Grando - Presentation

First, let’s set the working directory and source the data.

if (Sys.info()["sysname"] == "Windows") {
    setwd("~/Masters/DATA606/Presentation")
} else {
    setwd("~/Documents/Masters/DATA606/Presentation")
}
require(ggplot2)
## Loading required package: ggplot2
library(DATA606)
## 
## Welcome to CUNY DATA606 Statistics and Probability for Data Analytics 
## This package is designed to support this course. The text book used 
## is OpenIntro Statistics, 3rd Edition. You can read this by typing 
## vignette('os3') or visit www.OpenIntro.org. 
##  
## The getLabs() function will return a list of the labs available. 
##  
## The demo(package='DATA606') will list the demos that are available.
## 
## Attaching package: 'DATA606'
## The following object is masked from 'package:utils':
## 
##     demo

For each problem, I have used the suggested normalPlot() function, as well as ggplot() to show how these answer can be produced in different ways.

Area under the curve, Part I. What percent of a standard normal distribution N (\(\mu\) = 0,\(\sigma\) = 1) is found in each region?

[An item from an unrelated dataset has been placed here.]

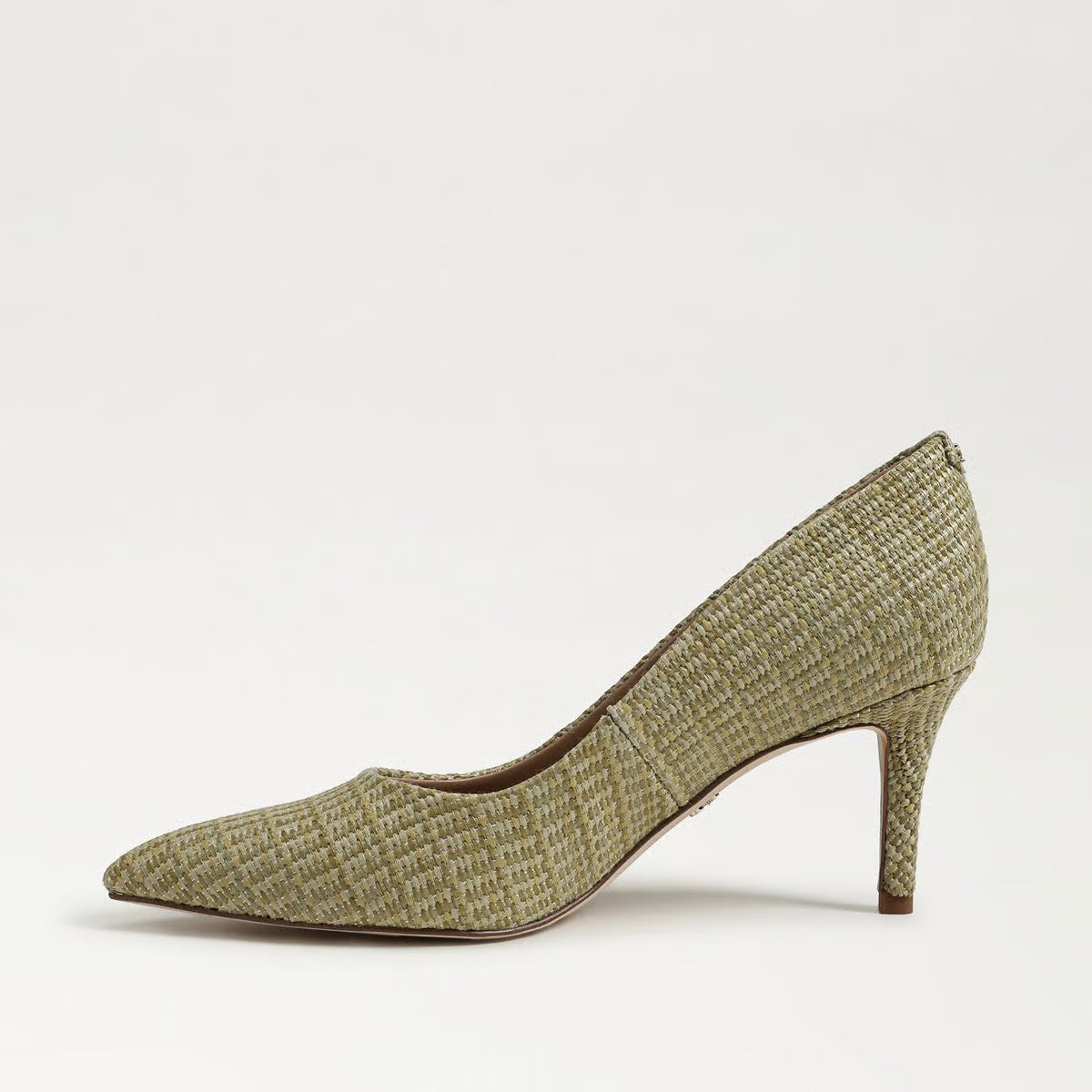 Vienna Pointed Toe Pump Raffia Sage Pumps - Low Sam Edelman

Be sure to draw a graph.

(a) Z < -1.35

Answer:

The percent is:

pnorm(q = -1.35, mean = 0, sd = 1)
## [1] 0.08850799

Using normalPlot()

normalPlot(mean = 0, sd = 1, bounds = c(-1.35), tails = TRUE)

Using ggplot()

lb <- -4
ub <- 4
z1 <- -4
z2 <- -1.35
pick_line1 <- z2
pick_line2 <- z2
Q1 <- ggplot(data.frame(x = c(lb, ub)), aes(x)) + stat_function(fun = dnorm) + 
    stat_function(fun = dnorm, xlim = c(z1, z2), geom = "area", 
        alpha = 0.5) + geom_vline(xintercept = pick_line1, color = "black", 
    alpha = 0.75) + geom_text(aes(x = pick_line1, y = 0.25, label = sprintf("Z = %s\n", 
    pick_line1)), color = "black", angle = 90) + geom_vline(xintercept = pick_line2, 
    color = "black", alpha = 0.75) + geom_text(aes(x = pick_line2, 
    y = 0.25, label = sprintf("Z = %s\n", pick_line2)), color = "black", 
    angle = 90) + labs(x = "Z - Value")
Q1

(b) Z > 1.48

Answer:

The percent is:

pnorm(q = 1.48, mean = 0, sd = 1, lower.tail = FALSE)
## [1] 0.06943662

Using normalPlot()

normalPlot(mean = 0, sd = 1, bounds = c(1.48, 4))

Using ggplot()

lb <- -4
ub <- 4
z1 <- 1.48
z2 <- ub
pick_line1 <- z1
pick_line2 <- z1
Q2 <- ggplot(data.frame(x = c(lb, ub)), aes(x)) + stat_function(fun = dnorm) + 
    stat_function(fun = dnorm, xlim = c(z1, z2), geom = "area", 
        alpha = 0.5) + geom_vline(xintercept = pick_line1, color = "black", 
    alpha = 0.75) + geom_text(aes(x = pick_line1, y = 0.25, label = sprintf("Z = %s\n", 
    pick_line1)), color = "black", angle = 90) + geom_vline(xintercept = pick_line2, 
    color = "black", alpha = 0.75) + geom_text(aes(x = pick_line2, 
    y = 0.25, label = sprintf("Z = %s\n", pick_line2)), color = "black", 
    angle = 90) + labs(x = "Z - Value")
Q2

(c) -0.4 < Z < 1.5

Answer:

The percent is:

pnorm(q = 1.5, mean = 0, sd = 1) - pnorm(q = -0.4, mean = 0, 
    sd = 1)
## [1] 0.5886145

Using normalPlot()

normalPlot(mean = 0, sd = 1, bounds = c(-0.4, 1.5))

Using ggplot()

lb <- -4
ub <- 4
z1 <- -0.4
z2 <- 1.5
pick_line1 <- z1
pick_line2 <- z2
Q3 <- ggplot(data.frame(x = c(lb, ub)), aes(x)) + stat_function(fun = dnorm) + 
    stat_function(fun = dnorm, xlim = c(z1, z2), geom = "area", 
        alpha = 0.5) + geom_vline(xintercept = pick_line1, color = "black", 
    alpha = 0.75) + geom_text(aes(x = pick_line1, y = 0.25, label = sprintf("Z = %s\n", 
    pick_line1)), color = "black", angle = 90) + geom_vline(xintercept = pick_line2, 
    color = "black", alpha = 0.75) + geom_text(aes(x = pick_line2, 
    y = 0.25, label = sprintf("Z = %s\n", pick_line2)), color = "black", 
    angle = 90) + labs(x = "Z - Value")
Q3

(d) |Z| > 2

The percent is:

pnorm(q = 2, mean = 0, sd = 1, lower.tail = FALSE) + pnorm(q = -2, 
    mean = 0, sd = 1)
## [1] 0.04550026

Also, because the distribution is symmetric, the following method provides the same result.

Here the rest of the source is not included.